- Data below -
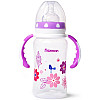 Бутылочка для кормления детская Baby Цветочки 300 мл с ручками Fissman DP43957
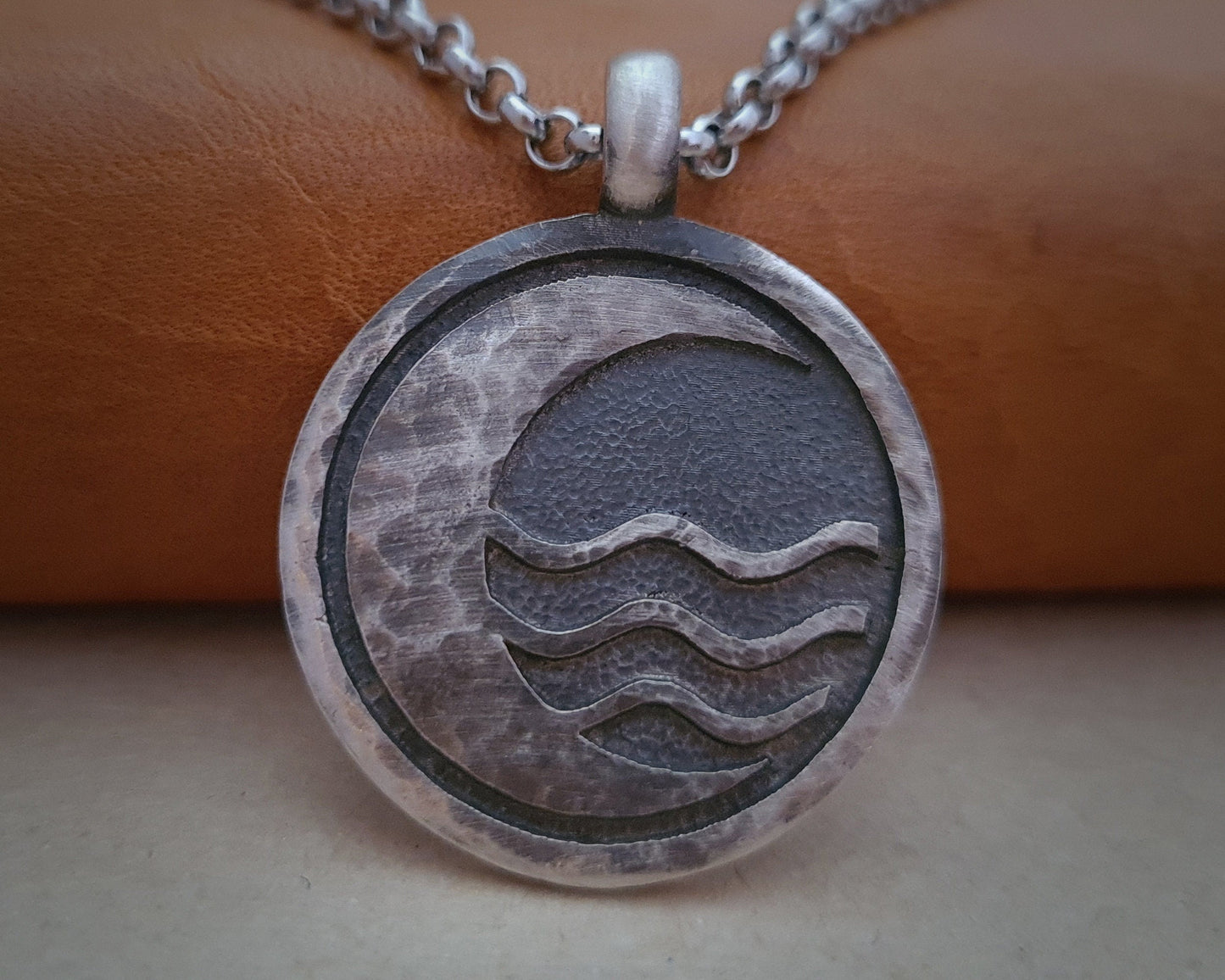 925 Sterling Silver Avatar Last Airbender Northern Water Tribe Nation Necklace Pendant - Baldur Jewelry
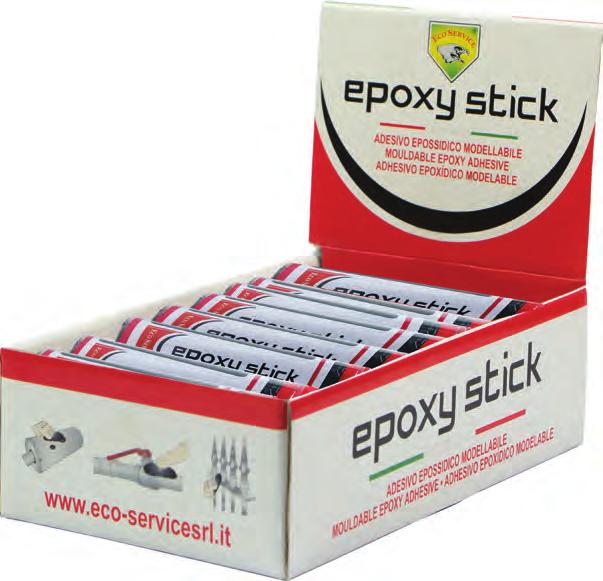 EPOXY STICK DISPLAY PT Epoxy Stick: Adesivo epoxídico modelável em pasta.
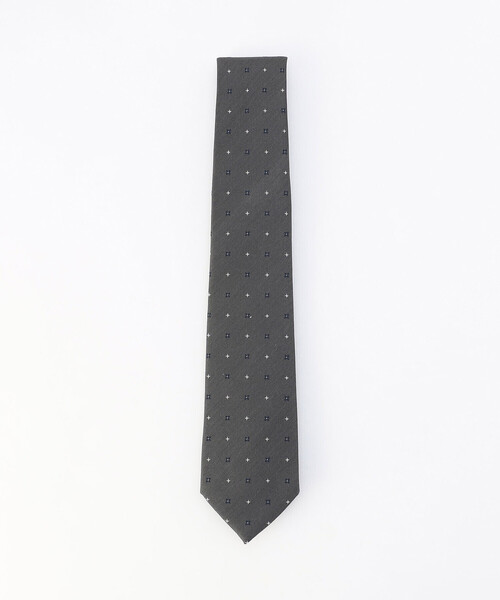 COMME CA ISM(コムサイズム)の「小紋柄 ネクタイ(ネクタイ・メンズ・ネイビー/ブラウン/グレー・FREE)」の1枚目の写真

- Exercise directions -
The output must start at the line holding "925 Sterling Silver", end at the last line of the listing above, and show each line exactly; please omit all pictures.

- Written answer -
 925 Sterling Silver Avatar Last Airbender Northern Water Tribe Nation Necklace Pendant - Baldur Jewelry
 EPOXY STICK DISPLAY PT Epoxy Stick: Adesivo epoxídico modelável em pasta.
 COMME CA ISM(コムサイズム)の「小紋柄 ネクタイ(ネクタイ・メンズ・ネイビー/ブラウン/グレー・FREE)」の1枚目の写真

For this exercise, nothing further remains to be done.